[ASSIGNMENT]
Keep the pictures out, and restate the listing that follows exactly as written.

[INFORMATION PROVIDED — start]

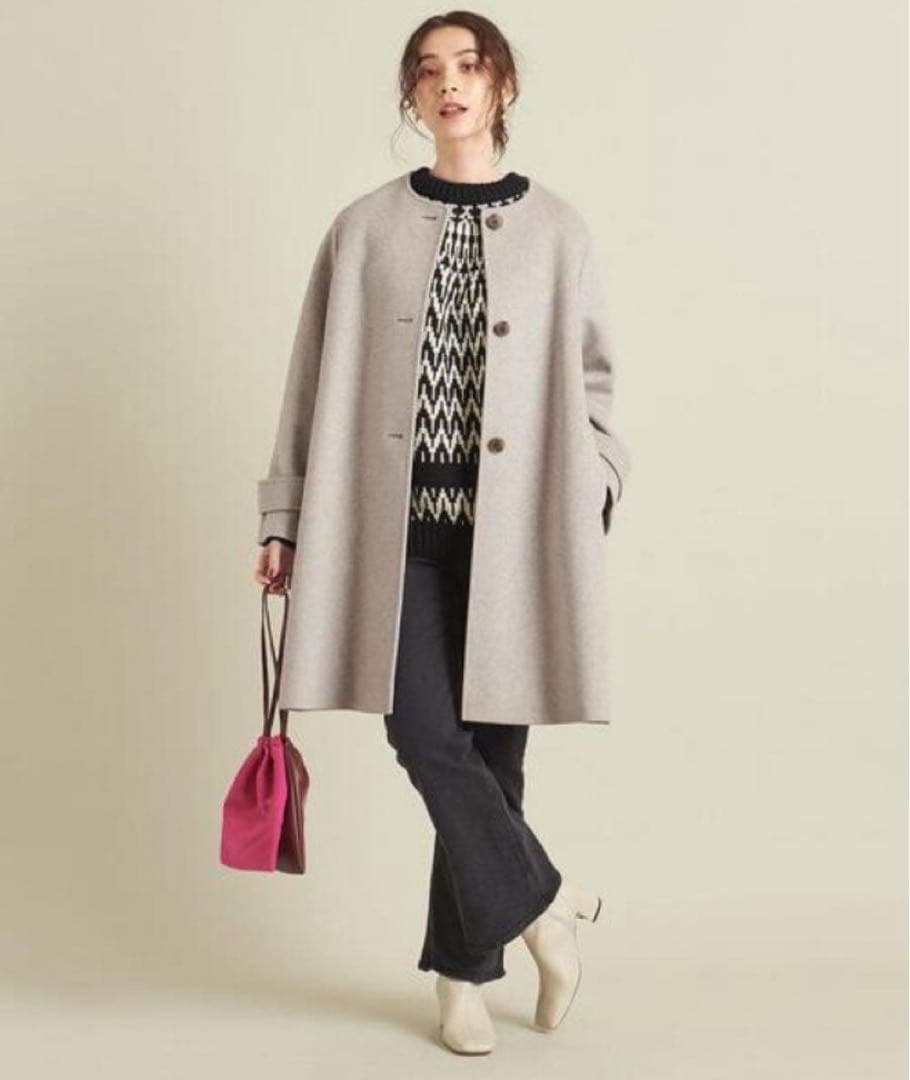 BY メルトンビーバーノーカラーフレアコート ∴ Sサイズ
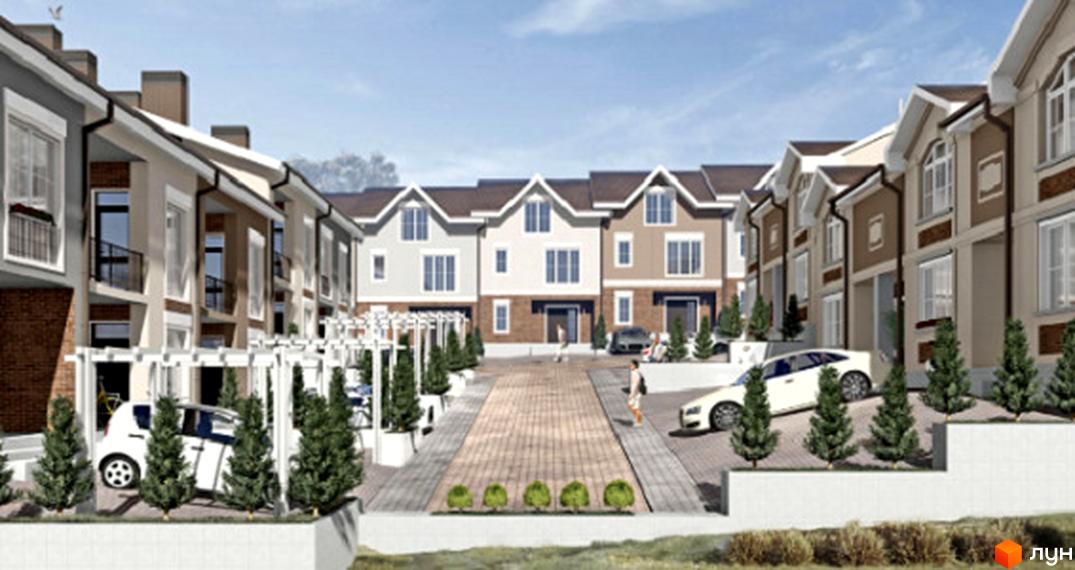 Зовнішній вигляд таунхаусів Hodillywood 11.0 з прибудинковою територією та автомобілями. Комплекс з акуратними фасадами та зеленими насадженнями.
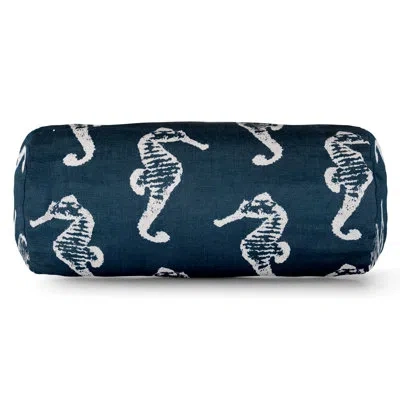 Majestic Home Goods Sea Horse Round Bolster Throw Pillow In Navy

[INFORMATION PROVIDED — finish]

[ANSWER BOX]
 BY メルトンビーバーノーカラーフレアコート ∴ Sサイズ
 Зовнішній вигляд таунхаусів Hodillywood 11.0 з прибудинковою територією та автомобілями. Комплекс з акуратними фасадами та зеленими насадженнями.
 Majestic Home Goods Sea Horse Round Bolster Throw Pillow In Navy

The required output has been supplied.